Response from Environment Southland

26 May 2023

Hamish Duff
Performance Auditor – Sector Performance
Office of the Auditor-General Te Mana Arotake
PO Box 3928
Wellington 6011

Dear Hamish

Thank you for your letter of 5 April 2023 to Wilma Falconer, who has asked me to reply on her behalf. Your enquiry about how we – along with Waikato, Taranaki and Horizons Regional Councils – have made use of four out of five of the recommendations in the audit, Managing freshwater quality: Challenges and opportunities, conducted in 2019. Below are the actions that Environment Southland has taken in relation to the four recommendations.

Recommendation 1:

The Ministry for the Environment and Statistics New Zealand lead work with regional councils and relevant land and freshwater management agencies to support better-informed and co-ordinated management of freshwater by preparing a consistent approach to monitoring, analysis, and reporting of freshwater quality state and trend information

Environment Southland continue to work closely with the Ministry for the Environment and Statistics New Zealand on the management of freshwater. Examples of this include our collective work on Intensive Winter Grazing regulations, participating on the Freshwater Farm Plan pilot and our information is up to date on LAWA, including the additional modules added since 2011.

Recommendation 2:

Waikato Regional Council, Taranaki Regional Council, Horizons Regional Council, and Environment Southland consider how they might use the analysis conducted by National Institute of Water and Atmospheric Research Limited to improve their monitoring of freshwater quality.

Below are some NIWA recommendations and how Environment Southland has considered them:

NIWA recommended that we consider lowering detection levels for some variables, notably DRP and Ammoniacal-N, because high detection limits will mask trends in high-quality water bodies.

At this time we have not implemented this, however, it is something we will look to include in the next LTP as part of the review of our monitoring networks to ensure compliance with the NSP-FM 2020.

NIWA recommended that Councils should consider tightening up on hydrometric infrastructure under-pinning water quality monitoring, for example, by establishing quantified relationships between flow at sampling sites and flow gauging stations.

We have installed 9 additional, permanent flow-gauging stations and 17 temporary sites to improve the hydrological correlation between unrated water quality sites and flow gauging stations. There have also been 2,885 spot gauging at freshwater quality sites to help establish flow relationships with continuous flow sites. In addition, we are in the process of installing new technology (Space Time Image Velocimetry) at flow gauging stations to improve the quality of rating curves. Specifically, this technology allows us to capture high flow data which is sometime not possible to obtain using conventional methods due to sites becoming cut-off during floods. https://www.es.govt.nz/about-us/news?item=id:2llefmubc17q9sn688b4.

Recommendation 3:

Waikato Regional Council, Taranaki Regional Council, Horizons Regional Council, and Environment Southland support and inform wider community discussion of freshwater quality issues by ensuring that the information they make available to their communities is clear, complete, up to date, consistent, accessible, and readily understandable.

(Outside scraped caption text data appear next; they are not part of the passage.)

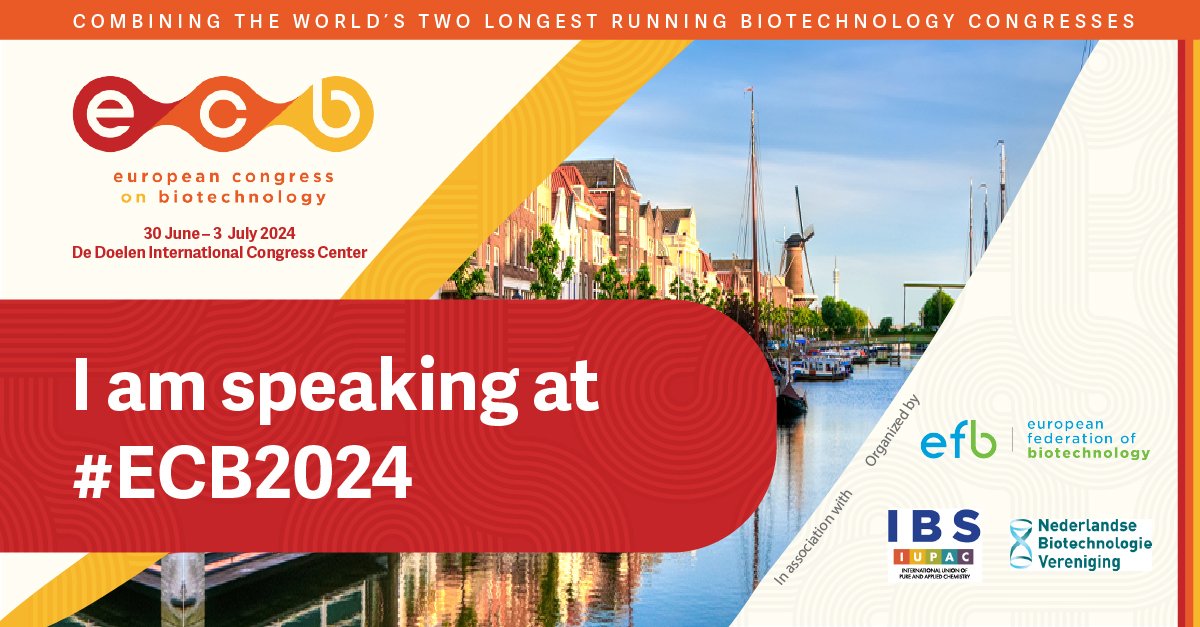 I'm excited to attend the European Congress on Biotechnology in Rotterdam with my group and present our work on enzyme and metabolic engineering! @EFBiotechnology #Biotechnology #ECB2024
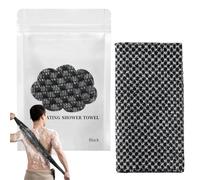 Exfoliating Antibacterial Shower Towel - Double-Sided Body Scrub for Smooth & Glowing Skin, Premium Microfiber Back Scrubber for Men & Women, Gentle on Sensitive Skin (1PC(Black))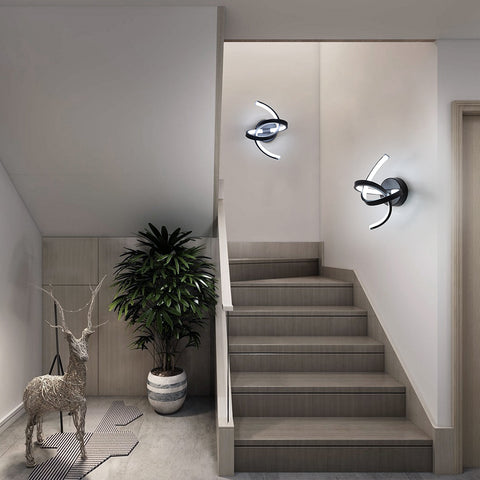 Wandleuchte für den Innenbereich, 19 W, gebogenes Design, LED-Wandleuchten, moderne Acryl-Wandleuchte für Schlafzimmer, Wohnzimmer, Hotel, Treppenhaus, Gang, schwarze Farbe, kaltweißes Licht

Since the audit, we have established a website that holds a myriad of information for our community https://waterandland.es.govt.nz/. There is information here that includes:

Finally, we have an ongoing work programme to engage our communities in discussions about freshwater and providing accurate and easily understandable information is key to this. Our Catchment Integration teams continue to support catchment groups and others with in-stream activities and presentations based on science.

Recommendation 5:

Waikato Regional Council, Taranaki Regional Council, Horizons Regional Council, and Environment Southland use a full range of appropriate compliance, monitoring, and enforcement tools to effectively identify and act on material non-compliance with the Resource Management Act 1991 or resource consent conditions.

Over the last 12 months, Council has increased our compliance, monitoring and enforcement resources. We continue to identify, monitor and enforce matters raised with council. The increased resourcing has enabled more capacity to work with the community on these matters. Our Annual Compliance Monitoring Report and we also contribute to the Regional Sector CME reports. Both are available on our website1.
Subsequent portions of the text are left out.